The projects were plagued by delays, shoddy workmanship, and unexplained payments, which has raised grave questions about accountability.
Auditor-General Nancy Gathungu, in the report for the 2023/2024 financial year, revealed that the department violated principal procurement procedures and failed to explain why numerous projects stalled. She added that the officials allowed performance bonds to expire, leaving taxpayers vulnerable to billions of losses.
The projects were meant to improve school infrastructure through the construction of 1,506 classrooms, 863 laboratories, and 1,932 sanitation blocks. However, the report shows glaring implementation gaps.
The ministry contracted 25 contractors on April 26, 2022, according to a project records review. Nonetheless, the majority of projects were faced with issues ranging from unauthorized changes in contract timetables, delayed commencement and completion of projects, to unfinished building sites and shoddy workmanship.
Even after they had appointed a three-person technical committee to vet payments to the 25 contractors, Auditor-General Nancy Gathungu observed that the team was not provided with central oversight. She added that neither school representatives nor procurement officers were members of the committee, contravening proper accountability processes.
Gathungu also flagged the lack of crucial documentation to back the committee’s approvals..
“There were no minutes of committee meetings and field inspection reports in support of payments,” her report stated. “The committee instead relied on recommendations of consultants to confirm the scope of works done, contrary to the provision of Regulation 139(3) of the Public Procurement and Asset Disposal Regulations, 2020.” The regulation requires that payments only be made after a properly submitted invoice or fee note, aligned with the contract terms.
Gathungu warned that in this case, taxpayers may not have received full value for the Ksh6.6 billion spent on the construction projects.
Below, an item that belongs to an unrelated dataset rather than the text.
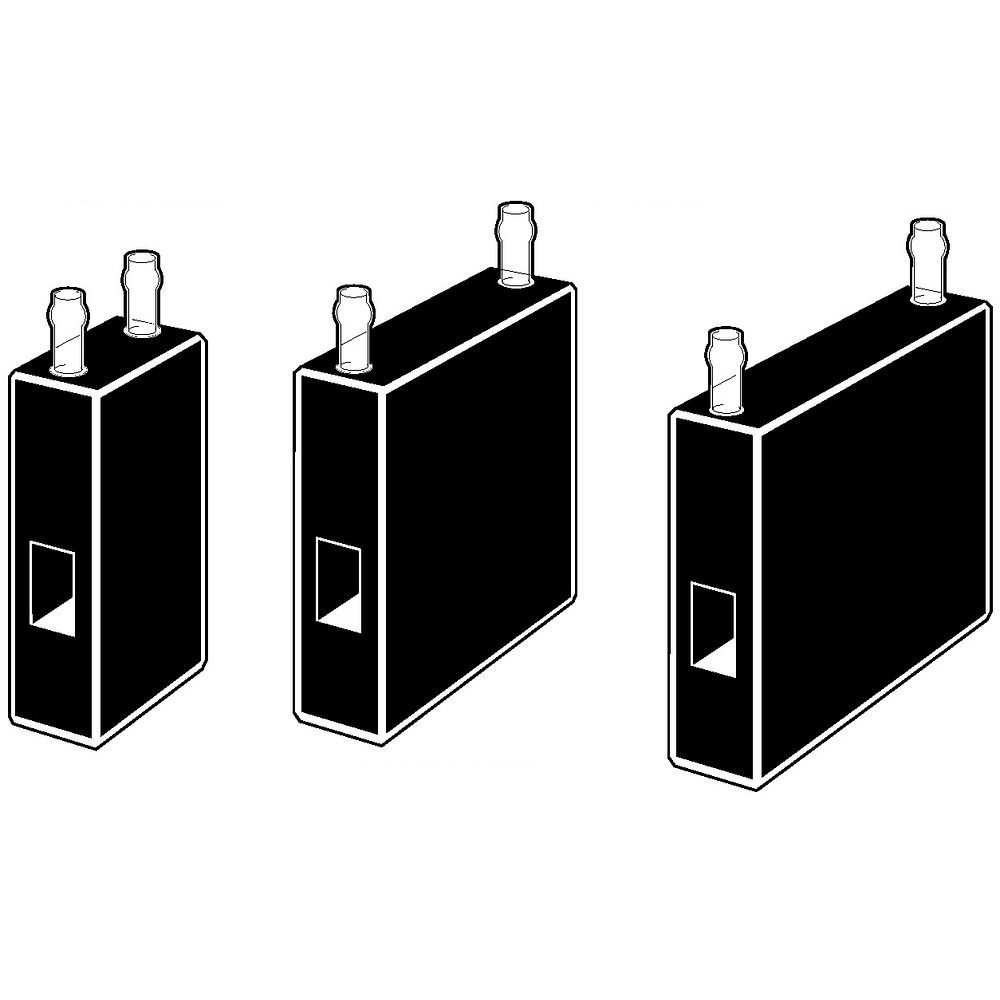 Cuves spectro rectangulaires à circulation continue avec raccords 10&nbspmm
She concluded that the department’s management breached procurement laws and failed to ensure accountability in how public funds were spent.
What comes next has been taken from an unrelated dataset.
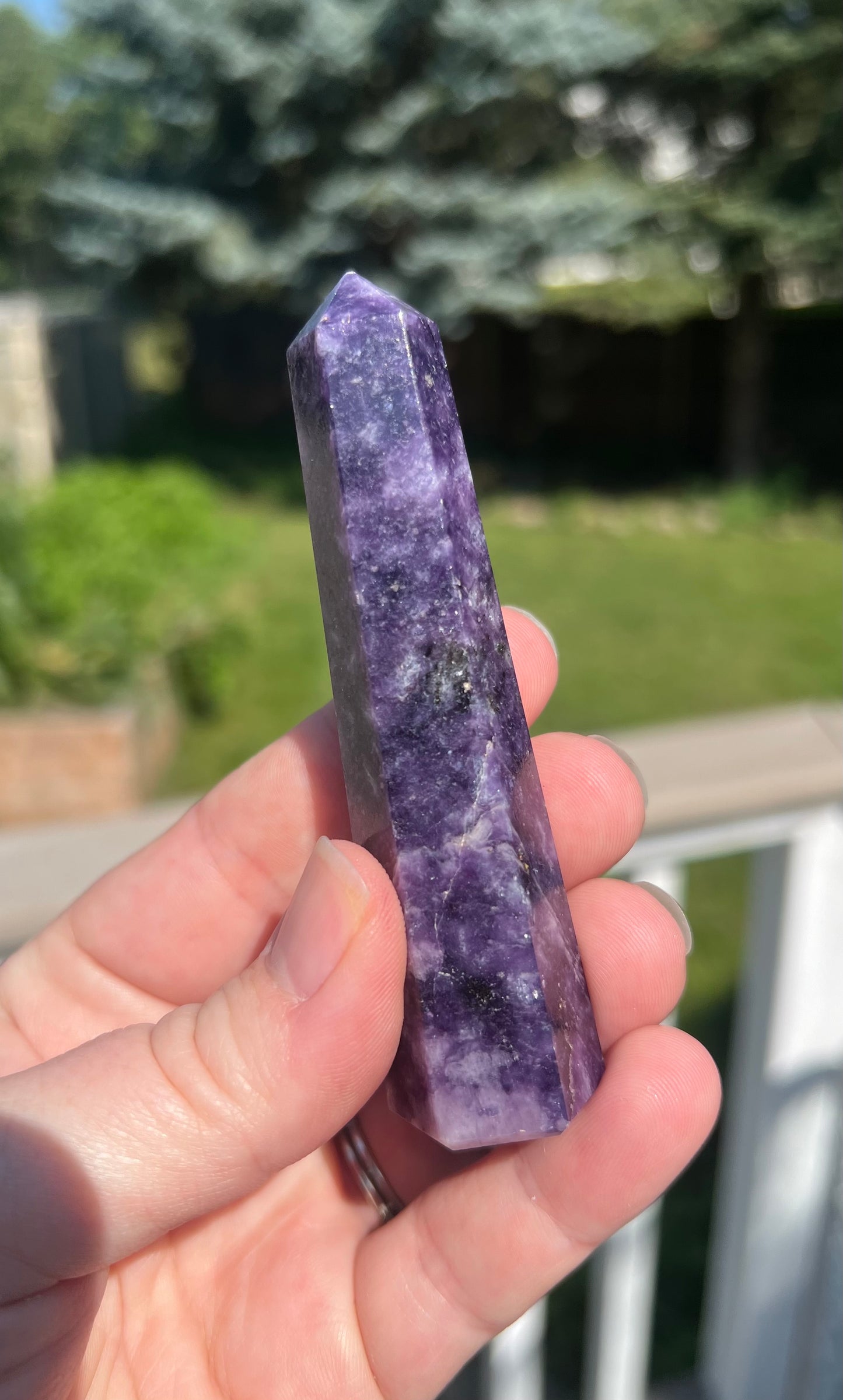 Gorgeous Lepidolite Tower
In line with procurement legislation, payments can only be done after correct invoices or fee notes from the contractors have been dispatched according to the terms of the agreement.
State Department for Basic Education, however, circumvented this provision, raising doubts about whether taxpayers got value for the Ksh6.6 billion expended in the construction contracts.
Gathungu further revealed that the contractors had not commenced work on several projects including 30 classrooms, 40 labs, four water schemes, and 471 sanitation blocks amounting to Ksh573.9 million as of June 30, 2024.
The department did not provide an explanation for the delays. In a glaring violation, officials failed to utilize penalty clauses provided in Clause 47.1 of the Project Conditions of Contract that provide for penalties against delayed works.
Even more critically, the department had not implemented termination provisions in contracts where contractors had abandoned sites for over 28 days without recorded authorization by the project manager.
In a status and progress report dated July 16, 2024, Auditor-General Nancy Gathungu raised alarm over questionable payment practices in school infrastructure projects.
Her audit revealed that the government had already paid out Ksh4.8 billion—72% of the total contract value—even though contractors had completed only 77% of the work by the end of the financial year. That means nearly a quarter of the promised work remained unfinished.
The report also flagged issues with advance payments. Although the government had issued Ksh658.6 million in advance, only Ksh475 million had been recovered by the time of the audit.
Even more concerning, five projects across five counties had already been certified as over 90% complete, qualifying them for full advance payment recovery, but Ksh18.3 million remained uncollected.
“The recovery of advance payments amounting to Ksh119,914,993 stood at Ksh101,588,718,resulting in an under-recovery of Ksh18,326,275,” the report noted.
Gathungu‘s report shows sheer financial irresponsibility and absence of oversight in the handling of public construction funds, and this has accountability and value for money implications for taxpayers.